CITS2002 Systems Programming, Lecture 7, p10, 12th August 2024.


The word with the highest value

Can we find which valid word from a dictionary has the highest value?


#include <stdio.h>
#include <stdbool.h>
#include <string.h>
#include <ctype.h>

#define DICTIONARY      "/usr/share/dict/words"
#define LONGEST_WORD    100

//  FIND THE WORD WITH THE BEST VALUE
void findbest( char filename[] )
{
    FILE        *fp  = fopen(filename, "r");

//  ENSURE THAT WE CAN OPEN (WITH READ-ACCESS) THE FILE
    if(fp != NULL) {
        char    bestword[LONGEST_WORD];
        int     bestvalue       = 0;
        char    thisword[LONGEST_WORD];
        int     thisvalue       = 0;

//  READ EACH LINE OF THE FILE
        while( fgets(thisword, sizeof thisword, fp) != NULL ) {
//  REPLACE THE NEWLINE CHARACTER WITH A NULL-BYTE
            trim_line( thisword );

//  ENSURE THAT THIS WORD IS VALID (previously defined)
            if( valid_word(thisword) ) {
                thisvalue = calc_value( thisword );

//  IS THIS WORD BETTER THAN THE PREVIOUSLY BEST?
                if(bestvalue < thisvalue) {
                    bestvalue   = thisvalue;    // save current details
                    strcpy(bestword, thisword);
                }
            }
        }
        fclose(fp);
        printf("best word is %s = %i\n", bestword, bestvalue);
    }
}

int main(int argc, char *argv[])
{
    findbest( DICTIONARY );
    return 0;
}


Full solution here.

CITS2002 Systems Programming, Lecture 7, p11, 12th August 2024.


Reading and writing files of binary data

To date, our use of files has dealt exclusively with lines of text, using fgets() and fputs() to perform our I/O.

This has provided a good introduction to file input/output (I/O) as textual data is easy to "see", and printing it to the screen helps us to verify our functions:

  • the standard fgets function manages the differing lengths of input lines by reading until the '\n' or '\r' character is found,

  • fgets terminates input lines by appending a null-byte to them, 'turning' them into C strings, and

  • the null-byte is significant when later managing (copying, printing, ...) strings.

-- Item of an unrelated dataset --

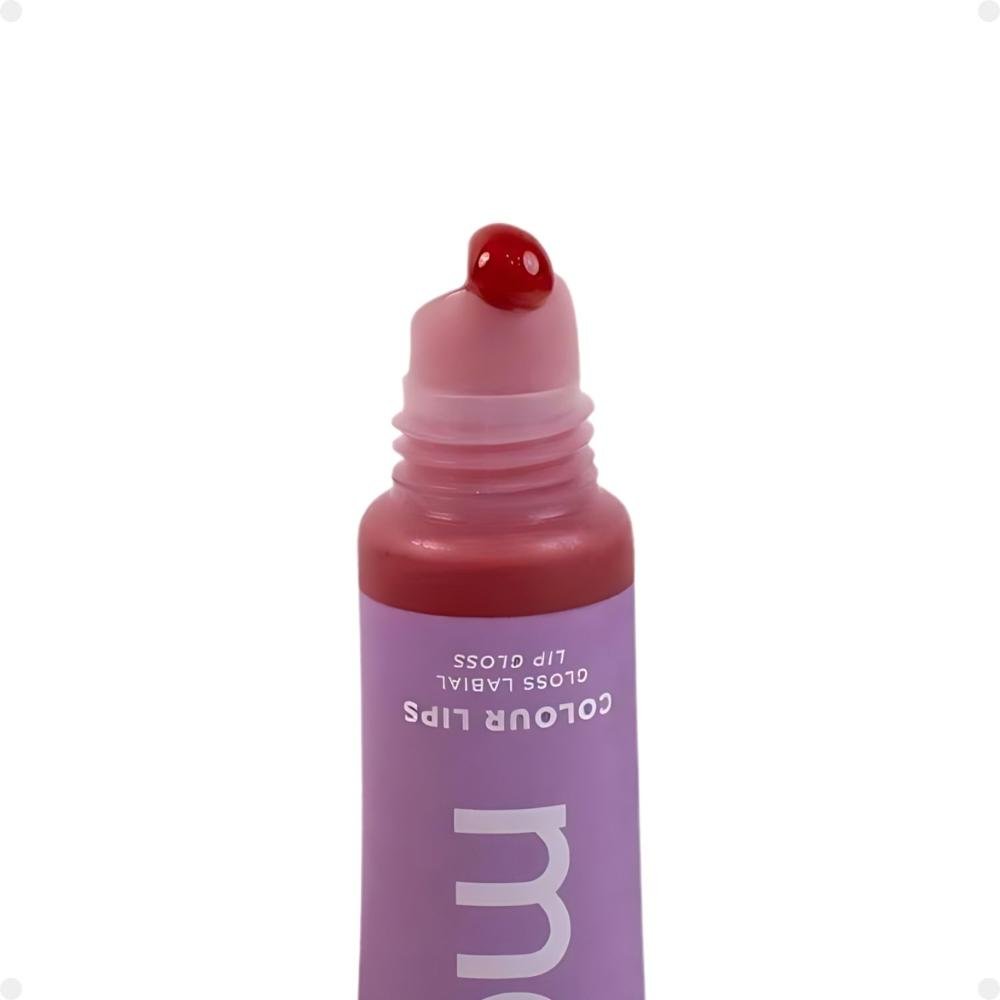 Gloss Labial Ruby Rose Mood Colour Lips Lively Hb-7201-2 Lively 3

CITS2002 Systems Programming, Lecture 7, p12, 12th August 2024.


Reading and writing files of binary data, continued

However, when managing files of arbitrary data, possibly including null-bytes as well, we must use different functions to handle binary data:


#include <stdio.h>
#include <stdlib.h>

void copyfile(char destination[], char source[])
{
    FILE        *fp_in   = fopen(source, "rb");
    FILE        *fp_out  = fopen(destination,  "wb");

//  ENSURE THAT OPENING BOTH FILES HAS BEEN SUCCESSFUL
    if(fp_in != NULL && fp_out != NULL) {

        char    buffer[BUFSIZ];
        size_t  got, wrote;

        while( (got = fread(buffer, 1, sizeof buffer, fp_in)) > 0) {  
            wrote = fwrite(buffer, 1, got, fp_out);
            if(wrote != got) {
                printf("error copying files\n");
                exit(EXIT_FAILURE);
            }
        }

    }

//  ENSURE THAT WE ONLY CLOSE FILES THAT ARE OPEN
    if(fp_in != NULL) {
        fclose(fp_in);
    }
    if(fp_out != NULL) {
        fclose(fp_out);
    }
}

NOTE - The access mode flag "b" has been used in both calls to fopen() as we're anticipating opening binary files. This flag has effect only on Windows systems, and is ignored on Linux and macOS. This flag has no effect when reading and writing text files.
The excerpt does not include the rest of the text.